Оказалось, что я совершенно неправильно объяснил происхождение феодализма в Китае, неправильно толковал в своей курсовой работе происхождение феодализма в Киевской Руси, сделал неправильный доклад о народовольцах… И вдобавок произошло еще одно событие, которое в какой-то мере определило мою судьбу.
В своем движении по разным кафедрам философского факультета я однажды забрел на кафедру логики, которая тогда меня привлекала меньше всего, поскольку я твердо знал, что формальной логики больше нет и быть не может, а диалектическая еще не создана – есть только логика «Капитала», а Логики еще нет[184]. Я слышал про эти истории с «Теоретической логикой» Гильберта и Аккермана, мне очень нравилась книжка Шарля Серрюса, которую было запрещено пропагандировать, мне очень не нравились лекции наших факультетских логиков, в частности Павла Сергеевича Попова, тем более лекции Алексеева или Черкесова.
Попал я на доклад Митрофана Николаевича Алексеева (потом научного руководителя Александра Зиновьева и Бориса Грушина) о развитии логических форм мышления. При этом он определял формы как то общее, что мы выделяем из всего ряда наблюдающихся явлений мышления в их историческом ряду, а потом ставил вопрос, как они могут развиваться и развиваются.
Георгий Щедровицкий
Я схематизировал его доклад, привел к противоречию и задал ему развернутый вопрос: «Скажите, пожалуйста, а как вы это представляете? Как могут иметь развитие формы, которые вы выделили по тождеству всех явлений? Как можно вообще осмысленно ставить такой вопрос?»

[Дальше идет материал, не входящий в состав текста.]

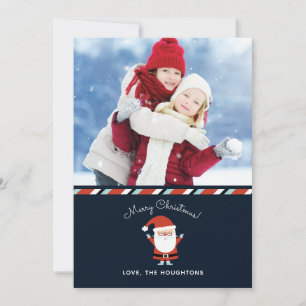 Santa Slaus Christmas Photo Holiday Card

Он просто не понял моего вопроса. Понял Черкесов, который тотчас же взвился. Понял Ахманов (он тогда еще был на кафедре), представитель старой формальной школы, который сказал: «Вот прекрасный вопрос задал молодой человек». Его поддержал Попов. И так как ситуация была вроде бы разумная и очевидная, то Черкесов начал кричать на меня, спрашивать, с какого я курса, откуда я такой взялся, почему он меня еще не знает и зачем я с диверсионными целями явился на заседание кафедры. Я сначала терпеливо объяснял, что никаких «диверсионных» целей у меня не было, что я пришел послушать интересующий меня доклад и вот задаю сугубо научный вопрос… На что он мне очень разумно и резонно отвечал, что вопросы, на которые докладчик ответить не может, не могут квалифицироваться как научные.
Закончилось это тем, что меня попросили уйти с заседания кафедры, и Черкесов предупредил, что больше меня на заседания кафедры пускать не будут. Ну, вот тут я завелся впервые, так сказать, на полную катушку.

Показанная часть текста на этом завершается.